For this post, we will have a look at Animals-10. The description says:

All the images have been collected from "google images" and have been checked by human. There is some erroneous data to simulate real conditions (eg. images taken by users of your app).

Well, I'd rather have a clean dataset and inject the noise only when I need it. Let's fix that.

Essentially, all we need is people to look at an image and specify whether it is one of the ten classes or something else. Rapidata's classify order is perfect for this task. Below we will show you how to set up a project to re-annotate the dataset. But first, let's look at the outcome.

Results

In total, out of the 23,999 images, 483 had an incorrect label. That's about 2% of the dataset! Errors fall into two buckets: images that should have been another of the 10 classes and images that should not be in this dataset altogether.

Here are a few examples for image labels that were fixed:

spider
Understandable mistake (original: sheep, new: dog)
spider
Fluffy like a sheep (original: sheep, new: cow)
cow
C'mon, this one is easy (original: cat, new: dog)
spider
A doggo roll (original: squirrel, new: dog)
cow
Not a dogfight (original: dog, new: chicken)
horse
You can ride on more than horses. (original: horse, new: cow)

Other categories

Here are the some images that don't fit into any of the 10 classes, which was a much bigger bucket:

cow
Colorful as a butterfly, but actually a Eurasian Hoopoe (original: butterfly, new: something else)
spider
This might be one in the future (original: butterfly, new: something else)
horse
What's up? (original: butterfly, new: something else)
cow
Homo Sapiens (original: cow, new: something else)
spider
Fancy speakers (original: chicken, new: something else)
horse
Maybe it has few horses under the hood (original: horse, new: something else)

Evidently, we successfully identified quite a few mislabelings. The corrected dataset is now available to be explored and downloaded on Hugging Face.

Setting up the project

With Rapidata, the labelers solve so-called Rapids, which are small tasks that can be solved in a few seconds. To get the highest quality, it is best practice to have some validation rapids from the same dataset. A validation rapid looks just like a normal rapid, except we know the true answer, and if answered incorrectly, the labeler is punished. Additionally, it affects their internal trust score.

To select a few validation images, I quickly checked the first 20 images of each category, which seem fine except cow_0012 is a bull, spider_0013 is some other kind of Anthropoda and horse_0004 shows two donkeys copulating.

cow
cow_0012
spider
spider_0014
horse
horse_0004

All in all, we can use this to make a comprehensive validation set, that won't be easy to learn by heart, even if a single person solves a lot of Rapids.

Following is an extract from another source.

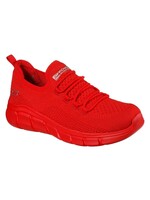 Skechers Bobs Sport B Flex - Color Connect 117121 Red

First of all, we have to create a client to interact with the Rapidata API. If you don't have credentials yet, quickly ping us at info@rapidta.ai.

rapi = RapidataClient(client_id=os.environ["CLIENT_ID"], client_secret=os.environ["CLIENT_SECRET"])

Then we can define the categories and the path to the images. Presenting the user with too many categories can lead to an overload, so it's best to use a maximum of 8 categories. Since we have 10 classes at hand, we first label 6 categories and specify an addional 7th category that we call "Something else". All the categories that are not part of the 6 categories are then labeled as "Something else". In a second step we can then label those with the remaining 4 categories.

CATEGORIES_BATCH_1 = ["Cat", "Dog", "Cow", "Spider", "Butterfly", "Elephant"]
CATEGORIES_BATCH_2 = ["Horse", "Chicken", "Sheep", "Squirrel"]

Creating a validation set

Now we can make a function that creates a validation set based on the existsing dataset. For the first batch of categories, we map the categories of the second batch to "Something else". We also skip the images that are not correctly labeled in the dataset.

def make_validation_set(rapi, name, categories, other_categories, num_images_per_category = 20):

    validation_set_builder = rapi.new_validation_set(name)

    category_selection = categories.copy()
    category_selection.append("Something else")

    for category in other_categories:
        for i in range(1, num_images_per_category // len(other_categories) + 1):
            validation_set_builder.add_classify_rapid(
                asset=MediaAsset(f"{MEDIA_PATH}/{category.lower()}/{category.lower()}_{i:04d}.jpeg"),
                question=f"What is shown in the image?",
                categories=category_selection,
                truths=["Something else"],
            )

    for category in categories:
        for i in range(1, num_images_per_category + 1):
            if category == "Horse" and i == 4:
                continue
            if category == "Spider" and i == 14:
                continue
            if category == "Cow" and i == 12:
                continue # Skip the image that is not a cow
            validation_set_builder.add_classify_rapid(
                asset=MediaAsset(
                    f"{MEDIA_PATH}/{category.lower()}/{category.lower()}_{i:04d}.jpeg"
                ),
                question=f"What is shown in the image?",
                categories=category_selection,
                truths=[category],
            )

    return validation_set_builder.create()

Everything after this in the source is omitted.